The National Association of Head Teachers has adopted new policy calling for an end to parents being able to opt their children out of Religious Education (RE) lesson. Parents or carers of a pupil at a state funded school in the UK currently have the right to have their child excused from all or part of the RE the school provides. Proposers for the policy motion – passed at the union’s annual conference on Sunday – argued that the move would help ensure that pupils learned to respect the beliefs of others.
Chair of the Accord Coalition, Rabbi Dr Jonathan Romain, said ‘While schools can still provide narrow or instructional Religious Education (RE), then the right of withdrawal should remain or, better still, given to pupils themselves where they are of sufficient maturity. To simply take the right away, without making wider changes to how RE is provided, would be unsatisfactory and quite possibly illegal under the European Convention on Human Rights.
‘Ultimately and more importantly however, pupils should be given an entitlement to a broad and balanced education about the range of beliefs in society, enabling them to appreciate different beliefs and values, while assisting pupils in developing and adhering to their own life-stance. It would be legally permissible and appropriate for the legal right of withdrawal to be removed in regards to the provision of this kind of RE. No one should be able to deny pupils access to such a vital education that can help prepare them for life as active citizens in a diverse society’.
‘The NAHT is right to consider arrangements around RE. The subject is becoming increasingly marginalised and its structures more and more dated. The Government should notice the NAHT’s call as yet further evidence of the widespread consensus urging for a long overdue review of how RE is provided.’
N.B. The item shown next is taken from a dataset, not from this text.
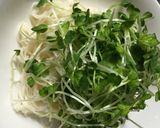 中華風ジュレとかいわれのぶっかけ素麺作り方5写真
Calls for a review of RE’s statutory basis – which remains largely unchanged since 1944 – include Ofsted’s last three triennial reviews into the teaching of RE in English schools. In the last year, three major reports have urged that pupils be given a statutory entitlement to receive an education about a range religious and non-religious worldviews in society. They include:
- ‘A New Settlement: Religion and Belief in Schools‘ – a widespread review into the role of religion in schools, conducted by former Education Secretary Charles Clarke and national sociology of religion expert, Prof Linda Woodhead
- ‘RE for Real‘ – a investigation of Religious Education in schools by the Faiths and Civil Society Unit at Goldsmith, University of London
- a wide-ranging two year study into role of religion and belief in British public life by the Woolf Commission entitled, ‘Living with Difference: community, diversity and the common good’
A 2009 poll YouGov poll commissioned by Accord found that 75% of people agreed with the statement that ‘all state funded schools should teach an objective and balanced syllabus for education about a wide range of religious and non-religious beliefs’, compared to only 8% disagreeing.